=== Work task ===
What you return should match the material below line for line, except that no image appears in it.

=== Supplied material ===
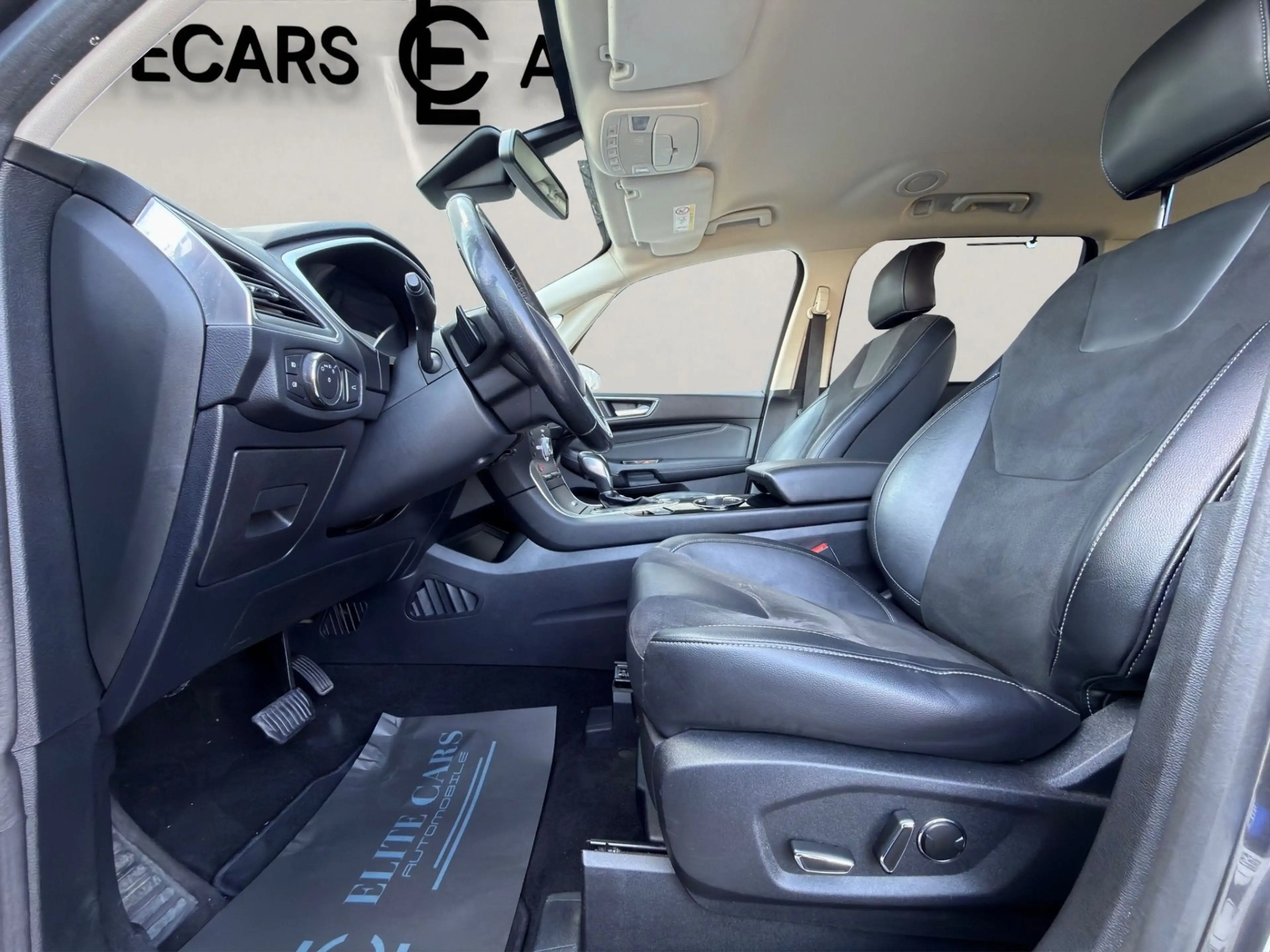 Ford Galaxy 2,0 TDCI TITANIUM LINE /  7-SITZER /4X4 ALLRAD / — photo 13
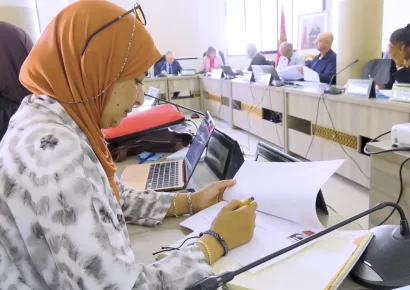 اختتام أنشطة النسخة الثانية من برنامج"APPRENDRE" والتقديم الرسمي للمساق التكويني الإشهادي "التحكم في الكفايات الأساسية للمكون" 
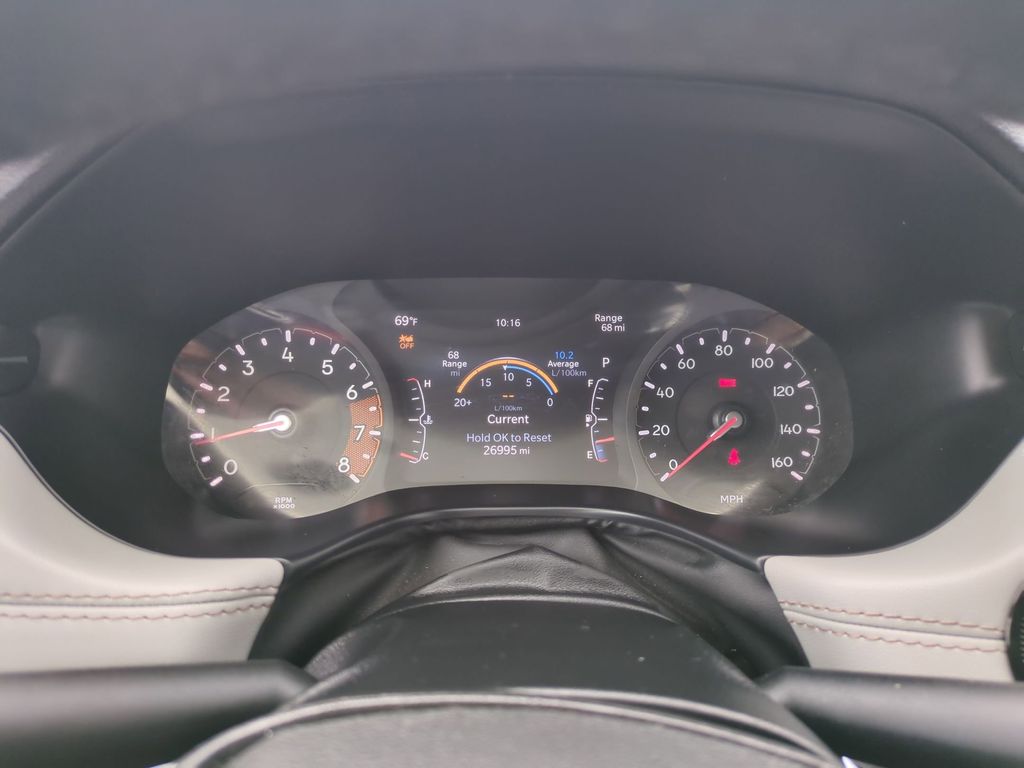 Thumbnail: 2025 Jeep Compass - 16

=== Answer to this task ===
 Ford Galaxy 2,0 TDCI TITANIUM LINE /  7-SITZER /4X4 ALLRAD / — photo 13
 اختتام أنشطة النسخة الثانية من برنامج"APPRENDRE" والتقديم الرسمي للمساق التكويني الإشهادي "التحكم في الكفايات الأساسية للمكون" 
 Thumbnail: 2025 Jeep Compass - 16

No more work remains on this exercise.